I envy the sun and all that embody her

I+envy+the+sun+and+all+that+embody+her

I envy the sun.

It’s as simple as that.

I envy the warmth associated with her. The way she keeps me warm with just a single touch from her bright rays. The freckles she has left scattered across my skin as if they are kisses from mother nature herself, a reminder that something bigger than me cares for my well-being to the extent of a cordial passerby in this never stopping circle of life that we spin through the sky upon. 

Her ability to leave a lasting impression on my body in the form of tan lines and sunspots. These act as beautiful artifacts, reminiscent of my childhood memories she supervised from far above in her own solar systemic realm.

The warm, feminine energy she carries and leaves behind in her path for lost wanderers such as myself to find on this blue and green globe is deeply appreciated; it serves as a loving reminder that I am never truly alone.

I wish I could embody the same tendencies in myself.

The tendencies I see in all of the people around me. 

The beautiful girl with the bridge of her nose adorned with a constellation of freckles that mirror the cascades of the stars above that shine when the sun is no longer present.

The stunning individual with the blonde fly-aways that gently caress their face, giving off the impression that they give the best hugs—a trait I envy.

The spitting image of perfection bottled into a human being that sits in front of me in class, tan as can be, makes me jealous of the no-doubt incredible adventures she embarked on this summer under the riveting summer sunlight.

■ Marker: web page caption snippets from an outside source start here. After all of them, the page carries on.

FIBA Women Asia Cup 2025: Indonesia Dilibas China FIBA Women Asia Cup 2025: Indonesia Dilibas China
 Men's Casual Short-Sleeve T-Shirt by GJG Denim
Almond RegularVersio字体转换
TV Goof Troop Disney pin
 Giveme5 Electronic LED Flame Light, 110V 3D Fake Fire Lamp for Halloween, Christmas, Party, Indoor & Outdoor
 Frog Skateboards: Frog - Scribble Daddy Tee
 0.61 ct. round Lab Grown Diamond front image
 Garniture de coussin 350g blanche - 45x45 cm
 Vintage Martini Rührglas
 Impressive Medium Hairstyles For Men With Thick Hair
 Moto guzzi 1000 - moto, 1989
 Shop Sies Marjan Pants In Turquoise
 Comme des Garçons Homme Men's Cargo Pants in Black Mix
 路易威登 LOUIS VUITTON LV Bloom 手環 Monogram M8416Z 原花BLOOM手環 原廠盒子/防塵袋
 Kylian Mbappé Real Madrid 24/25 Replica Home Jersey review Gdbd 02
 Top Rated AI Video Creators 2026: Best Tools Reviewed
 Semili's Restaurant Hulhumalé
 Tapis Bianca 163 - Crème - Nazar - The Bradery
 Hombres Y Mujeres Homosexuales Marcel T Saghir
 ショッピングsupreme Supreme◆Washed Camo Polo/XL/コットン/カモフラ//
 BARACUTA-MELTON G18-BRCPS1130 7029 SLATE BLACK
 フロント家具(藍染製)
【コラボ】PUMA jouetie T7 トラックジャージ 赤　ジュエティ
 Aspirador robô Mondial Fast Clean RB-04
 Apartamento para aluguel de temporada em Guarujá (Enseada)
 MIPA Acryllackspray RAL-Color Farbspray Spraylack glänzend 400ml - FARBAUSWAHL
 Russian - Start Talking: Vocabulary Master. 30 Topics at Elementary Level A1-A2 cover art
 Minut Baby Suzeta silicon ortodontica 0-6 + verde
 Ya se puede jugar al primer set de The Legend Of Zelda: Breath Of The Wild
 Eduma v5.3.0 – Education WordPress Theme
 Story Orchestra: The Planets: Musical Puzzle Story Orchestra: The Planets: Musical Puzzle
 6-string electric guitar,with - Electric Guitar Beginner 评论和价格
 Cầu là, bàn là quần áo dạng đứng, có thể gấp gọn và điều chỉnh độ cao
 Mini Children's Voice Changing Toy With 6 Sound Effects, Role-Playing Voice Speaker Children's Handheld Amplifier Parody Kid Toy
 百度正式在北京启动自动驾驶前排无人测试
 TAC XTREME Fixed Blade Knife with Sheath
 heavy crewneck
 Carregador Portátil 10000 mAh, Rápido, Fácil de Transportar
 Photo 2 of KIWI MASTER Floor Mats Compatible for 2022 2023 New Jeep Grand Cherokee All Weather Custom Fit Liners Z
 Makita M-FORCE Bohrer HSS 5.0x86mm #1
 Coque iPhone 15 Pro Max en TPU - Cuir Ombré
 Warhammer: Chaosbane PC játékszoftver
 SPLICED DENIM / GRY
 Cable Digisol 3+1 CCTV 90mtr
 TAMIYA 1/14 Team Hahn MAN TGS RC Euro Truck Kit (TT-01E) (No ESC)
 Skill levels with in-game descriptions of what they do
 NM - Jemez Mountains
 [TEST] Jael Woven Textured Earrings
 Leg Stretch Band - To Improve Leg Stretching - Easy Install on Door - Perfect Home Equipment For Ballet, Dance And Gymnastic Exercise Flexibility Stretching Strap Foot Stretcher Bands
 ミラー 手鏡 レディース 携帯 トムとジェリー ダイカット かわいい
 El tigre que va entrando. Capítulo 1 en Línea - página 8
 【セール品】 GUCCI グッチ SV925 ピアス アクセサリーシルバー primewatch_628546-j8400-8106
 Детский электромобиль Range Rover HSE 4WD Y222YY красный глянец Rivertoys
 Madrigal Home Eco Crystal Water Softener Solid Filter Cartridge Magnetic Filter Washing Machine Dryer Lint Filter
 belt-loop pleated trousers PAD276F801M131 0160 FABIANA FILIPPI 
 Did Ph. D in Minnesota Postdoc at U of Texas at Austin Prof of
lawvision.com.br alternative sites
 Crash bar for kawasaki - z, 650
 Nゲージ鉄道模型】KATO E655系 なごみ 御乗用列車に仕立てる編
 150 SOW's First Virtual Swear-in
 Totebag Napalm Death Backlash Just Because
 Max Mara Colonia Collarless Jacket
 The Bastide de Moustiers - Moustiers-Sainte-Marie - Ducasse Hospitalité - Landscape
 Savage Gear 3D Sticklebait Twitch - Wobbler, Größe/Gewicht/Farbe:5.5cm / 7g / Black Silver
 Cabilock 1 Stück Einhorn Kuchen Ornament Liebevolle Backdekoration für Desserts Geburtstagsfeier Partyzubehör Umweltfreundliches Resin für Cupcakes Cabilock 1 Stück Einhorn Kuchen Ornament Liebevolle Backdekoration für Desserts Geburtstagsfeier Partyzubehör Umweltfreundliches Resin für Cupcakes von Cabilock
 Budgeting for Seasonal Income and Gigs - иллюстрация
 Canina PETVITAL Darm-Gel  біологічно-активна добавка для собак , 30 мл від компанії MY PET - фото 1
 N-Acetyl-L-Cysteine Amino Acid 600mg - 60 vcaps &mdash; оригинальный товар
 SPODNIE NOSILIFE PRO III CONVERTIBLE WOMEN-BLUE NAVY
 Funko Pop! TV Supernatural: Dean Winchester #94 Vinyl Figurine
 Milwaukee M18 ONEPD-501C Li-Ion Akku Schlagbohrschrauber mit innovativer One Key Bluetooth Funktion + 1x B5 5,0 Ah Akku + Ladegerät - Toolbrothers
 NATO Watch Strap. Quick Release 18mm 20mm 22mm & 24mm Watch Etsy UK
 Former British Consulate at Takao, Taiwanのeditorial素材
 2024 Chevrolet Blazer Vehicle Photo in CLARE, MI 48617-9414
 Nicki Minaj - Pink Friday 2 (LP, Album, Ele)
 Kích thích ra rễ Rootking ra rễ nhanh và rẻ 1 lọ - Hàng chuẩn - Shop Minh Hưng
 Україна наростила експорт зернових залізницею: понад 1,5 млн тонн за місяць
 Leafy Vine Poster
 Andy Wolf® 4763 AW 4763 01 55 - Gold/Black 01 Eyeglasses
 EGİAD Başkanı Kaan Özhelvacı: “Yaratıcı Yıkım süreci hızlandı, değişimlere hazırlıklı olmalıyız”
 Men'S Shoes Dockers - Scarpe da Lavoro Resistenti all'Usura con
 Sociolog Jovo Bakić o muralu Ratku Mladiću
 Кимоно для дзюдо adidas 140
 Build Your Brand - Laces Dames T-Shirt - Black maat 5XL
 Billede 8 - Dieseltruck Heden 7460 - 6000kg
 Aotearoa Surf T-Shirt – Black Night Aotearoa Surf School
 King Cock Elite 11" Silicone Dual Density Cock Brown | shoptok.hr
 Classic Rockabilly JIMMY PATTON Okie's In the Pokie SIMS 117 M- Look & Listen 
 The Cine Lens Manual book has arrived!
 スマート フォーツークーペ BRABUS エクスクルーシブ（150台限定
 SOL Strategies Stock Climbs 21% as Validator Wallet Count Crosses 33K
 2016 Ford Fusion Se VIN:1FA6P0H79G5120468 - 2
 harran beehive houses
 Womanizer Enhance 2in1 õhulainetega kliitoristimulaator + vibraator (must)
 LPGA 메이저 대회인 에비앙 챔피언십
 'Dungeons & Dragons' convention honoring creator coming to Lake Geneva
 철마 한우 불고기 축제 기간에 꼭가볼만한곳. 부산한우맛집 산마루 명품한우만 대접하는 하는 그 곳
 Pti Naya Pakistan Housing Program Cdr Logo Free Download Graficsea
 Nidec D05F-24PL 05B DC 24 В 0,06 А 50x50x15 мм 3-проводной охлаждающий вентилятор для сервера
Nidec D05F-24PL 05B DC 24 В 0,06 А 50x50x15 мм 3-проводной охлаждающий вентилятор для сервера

People who embody the sun have a special place in my heart.

The freckles she has left scattered across my skin as if they are kisses from mother nature herself.

Their warmth imprints on people and makes the world a better place. Their friendly tendencies leaving a seed of kindness in another’s heart that, once nurtured, creates another human full of light in the same way that the sun aides the yellow flowers named after her.

She is an ever-present, all-powerful reminder of just how much there is to love in this world and her presence makes people smile simply by shining on them and all the memories that have happened beneath her caring gaze.

I envy her all the people in this world that she has made a lasting impression on and forever hope that I can learn to do the same.